Source:
https://scmp.com/article/27106/gauci-pays-back-fownes-foresight

Gauci pays back Fownes' foresight

DARREN Gauci riding at his brilliant best helped propel retaining trainer Lawrie Fownes to joint top of the trainer standings at Sha Tin yesterday.

Gauci scored on Fownes' Courageous in the third before immediately going out and timing his winning run to perfection on Bruce Hutchison's Timah in the next event.

Courageous' success took Fownes to 30 winners for the season and moved him alongside defending champion John Moore in the enduring battle for training honours.

Fownes' prescience in signing Gauci in preference to others last back-end is now paying rich rewards. Gauci has helped him to a vintage season that is far from over.

The former champion trainer of Calcutta is as competitive as they come. He has performed wonders to move to the top of the table as his stable does not have the strength in numbers of his counterparts such as Moore, Patrick Biancone, Ivan Allan or David Hill.

And he is ready to take his challenge all the way to the final meeting.

''It will be very difficult but I will be in there fighting for as long as I can,'' said a spirited Fownes.

''I've still got a few to come - the barrel is not empty yet by any means.'' With Gauci in the saddle, his horses are getting some dream rides. Courageous looked none too keen to go through with his effort yesterday, hanging in badly when coming to challenge Rainbow Connection and Diablo.

But Gauci reached for the jockeys' handbook of equine psychology - the whip and timing. His judgement of pace ensured Courageous had the momentum; his strength cajoled him back on to a straight course. The combination spelt victory. How often this has happened.

Bruce Hutchison may not train as many winners as some but his loyal owners tend to find them very profitable.

They pulled it off again yesterday when Timah swept home late to win going away from Insider and the improving Scandalmonger.

Hutchison has done connections proud with Timah who runs in the money for them time and time again, especially over his favoured Sha Tin mile.

Another of the territory's most consistent performers, the David Hill-trained Muhim, took the feature Queen Elizabeth II Cup in facile fashion under Johnny Marshall.

Muhim had been desperately unlucky on each of his last two starts but Marshall, finally beginning to get some quality mounts to match his riding skills, made no mistake.

He switched Muhim off at the rear of his field, eased him out at the top of the straight and the rest was history. The Cup was theirs from some way out, leaving Victory And Glory to grimly hold Happy Guy and Endurance for second. The only surprise was Muhim's 37-1 starting price.

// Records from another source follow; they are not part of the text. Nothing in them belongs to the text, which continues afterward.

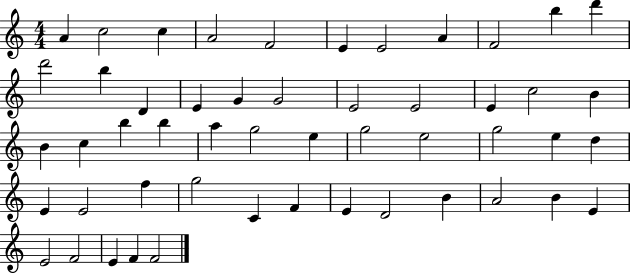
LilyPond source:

{
  \clef treble
  \numericTimeSignature
  \time 4/4
  \key c \major
  a'4 c''2 c''4 | a'2 f'2 | e'4 e'2 a'4 | f'2 b''4 d'''4 | \break d'''2 b''4 d'4 | e'4 g'4 g'2 | e'2 e'2 | e'4 c''2 b'4 | \break b'4 c''4 b''4 b''4 | a''4 g''2 e''4 | g''2 e''2 | g''2 e''4 d''4 | \break e'4 e'2 f''4 | g''2 c'4 f'4 | e'4 d'2 b'4 | a'2 b'4 e'4 | \break e'2 f'2 | e'4 f'4 f'2 | \bar "|."
}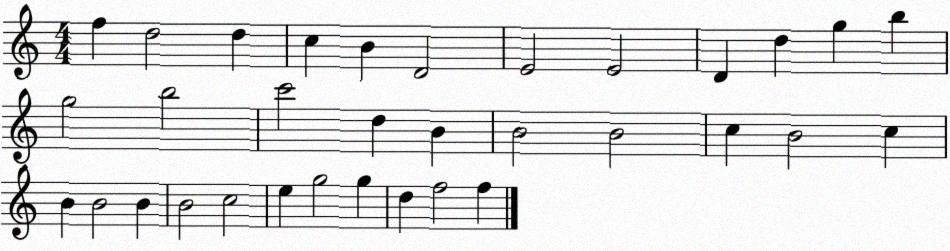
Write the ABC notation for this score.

X:1
T:Untitled
M:4/4
L:1/4
K:C
f d2 d c B D2 E2 E2 D d g b g2 b2 c'2 d B B2 B2 c B2 c B B2 B B2 c2 e g2 g d f2 f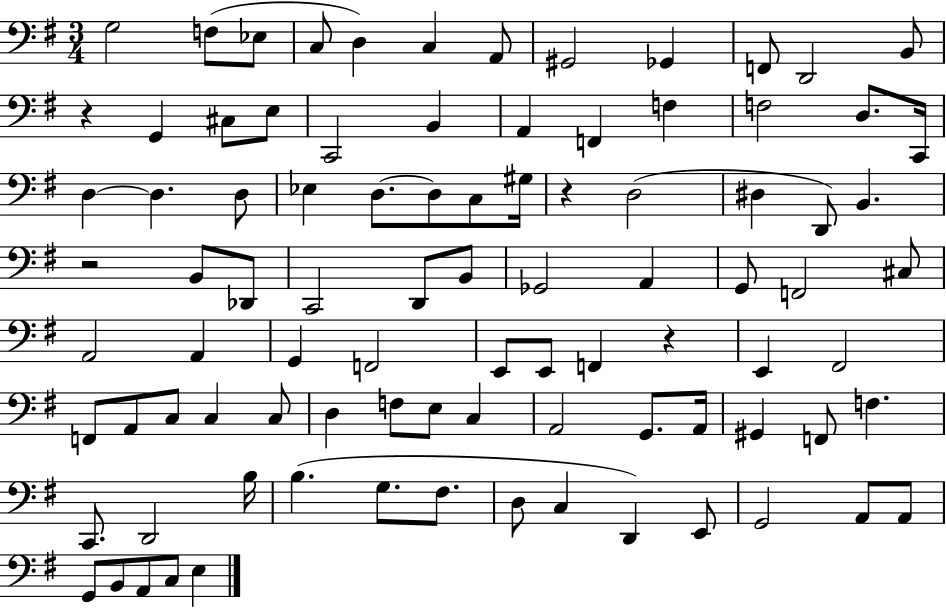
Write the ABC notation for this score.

X:1
T:Untitled
M:3/4
L:1/4
K:G
G,2 F,/2 _E,/2 C,/2 D, C, A,,/2 ^G,,2 _G,, F,,/2 D,,2 B,,/2 z G,, ^C,/2 E,/2 C,,2 B,, A,, F,, F, F,2 D,/2 C,,/4 D, D, D,/2 _E, D,/2 D,/2 C,/2 ^G,/4 z D,2 ^D, D,,/2 B,, z2 B,,/2 _D,,/2 C,,2 D,,/2 B,,/2 _G,,2 A,, G,,/2 F,,2 ^C,/2 A,,2 A,, G,, F,,2 E,,/2 E,,/2 F,, z E,, ^F,,2 F,,/2 A,,/2 C,/2 C, C,/2 D, F,/2 E,/2 C, A,,2 G,,/2 A,,/4 ^G,, F,,/2 F, C,,/2 D,,2 B,/4 B, G,/2 ^F,/2 D,/2 C, D,, E,,/2 G,,2 A,,/2 A,,/2 G,,/2 B,,/2 A,,/2 C,/2 E,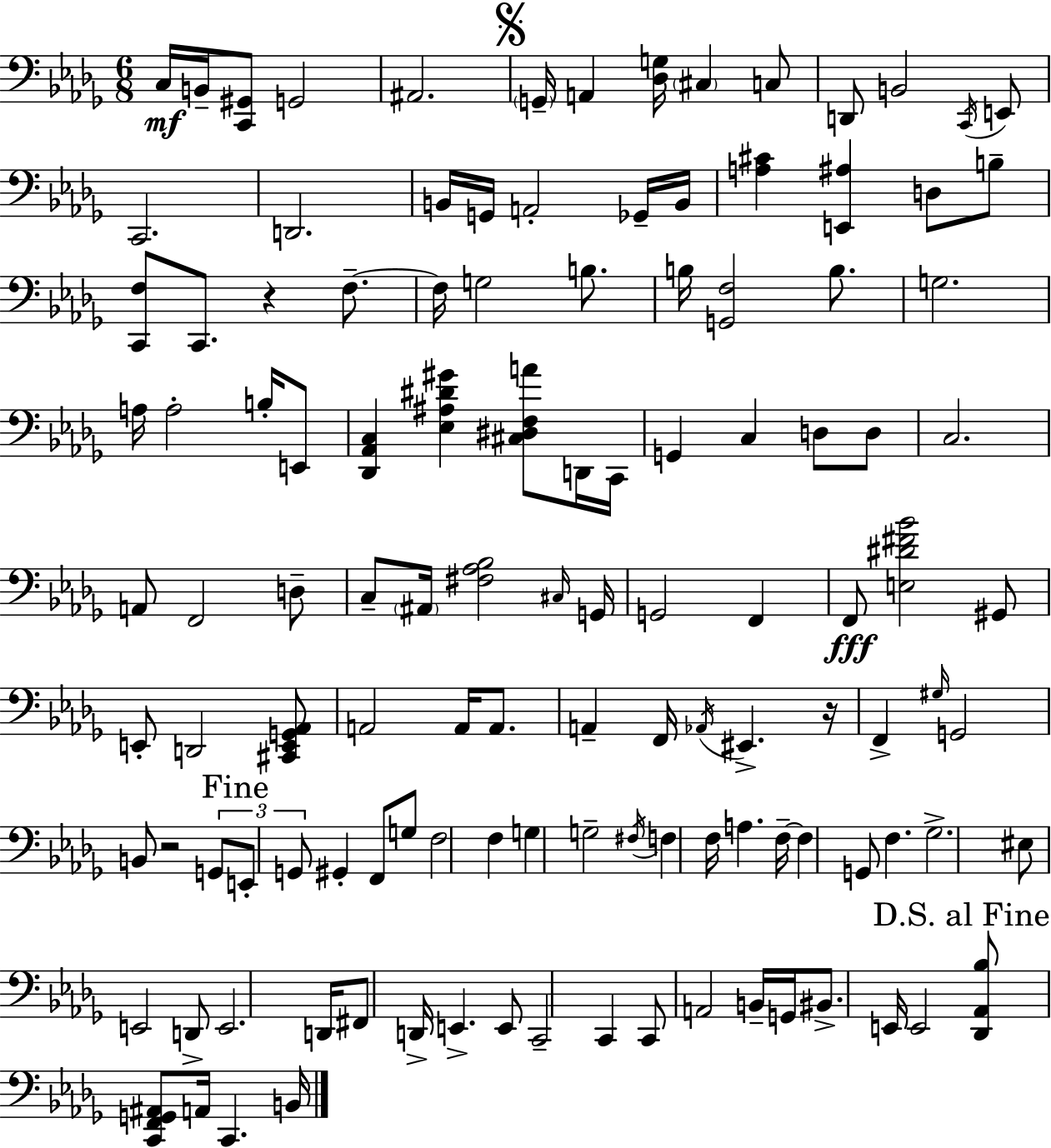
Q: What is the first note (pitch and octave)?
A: C3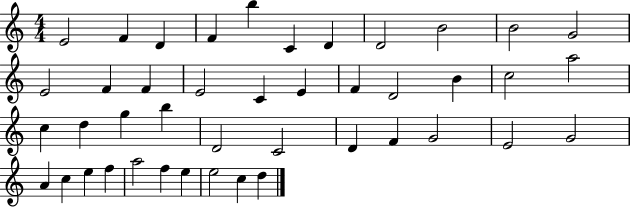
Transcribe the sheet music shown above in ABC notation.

X:1
T:Untitled
M:4/4
L:1/4
K:C
E2 F D F b C D D2 B2 B2 G2 E2 F F E2 C E F D2 B c2 a2 c d g b D2 C2 D F G2 E2 G2 A c e f a2 f e e2 c d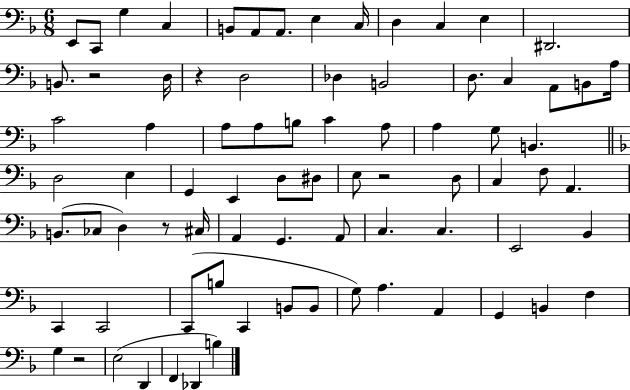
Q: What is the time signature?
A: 6/8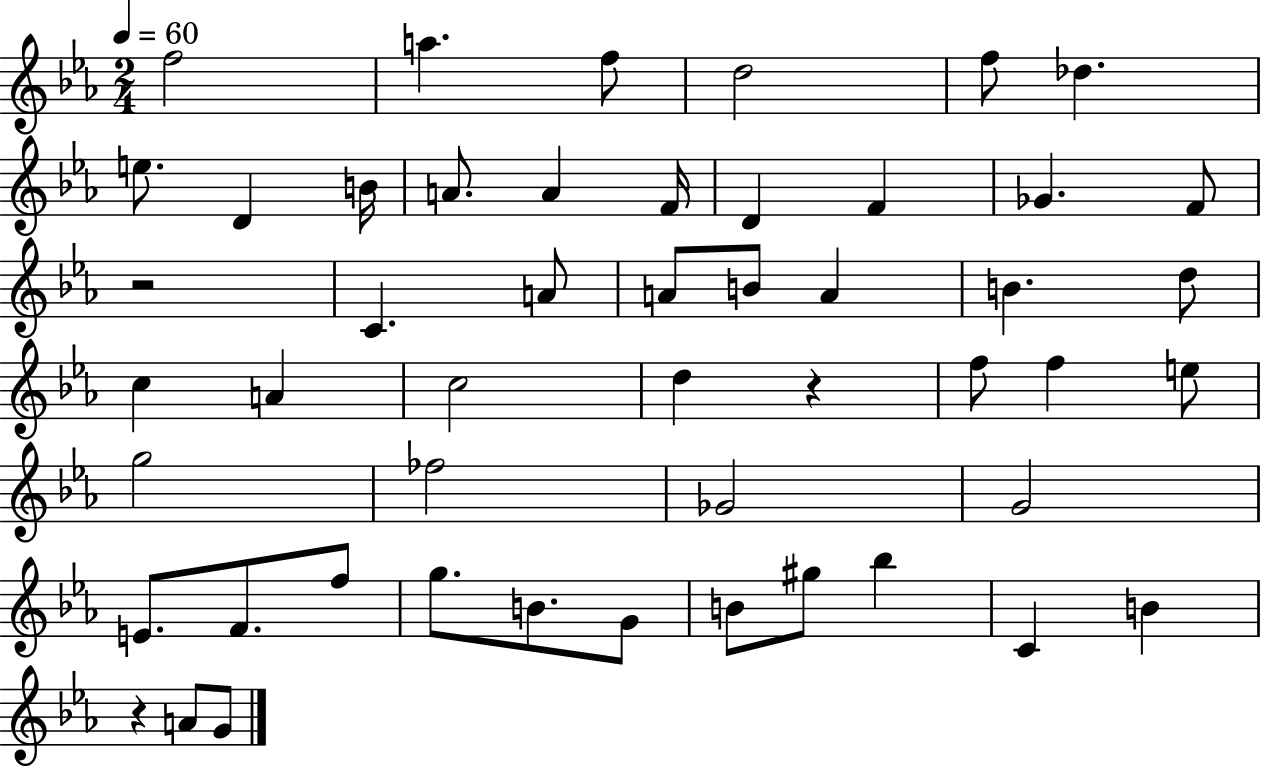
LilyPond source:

Hill said: ''He's a great favourite of mine but even accounting for that I still thought he would go close today. He was stood on his head the other day and then ran into a wall of horses on his last run.

''I told John to drop him out and he rode him perfectly - exactly to instructions.'' Muhim's win took Hill to 29 winners for the season and he is another major title contender in an engaging tussle that is set to go to the wire.

Northern Fire Ball was the disappointment of the feature event. He hung badly and the four-year-old may have been feeling the effects of two hard races to finish third in the Derby and then fourth in the Gold Cup.

Champion jockey-elect Tony Cruz bounced back from Northern Fire Ball's dismal performance to bolt home in the last on Eddie Lo's Lucky Treasure.

In the process he completed a double as he was also on the mark on Peter Ng Bik-keun's surprise winner, Icy Bet, in the second.

The double took Cruz to 59 winners for the season, 12 ahead of Basil Marcus, and dispelled any thoughts that the title may not be his. It is. For the sixth time.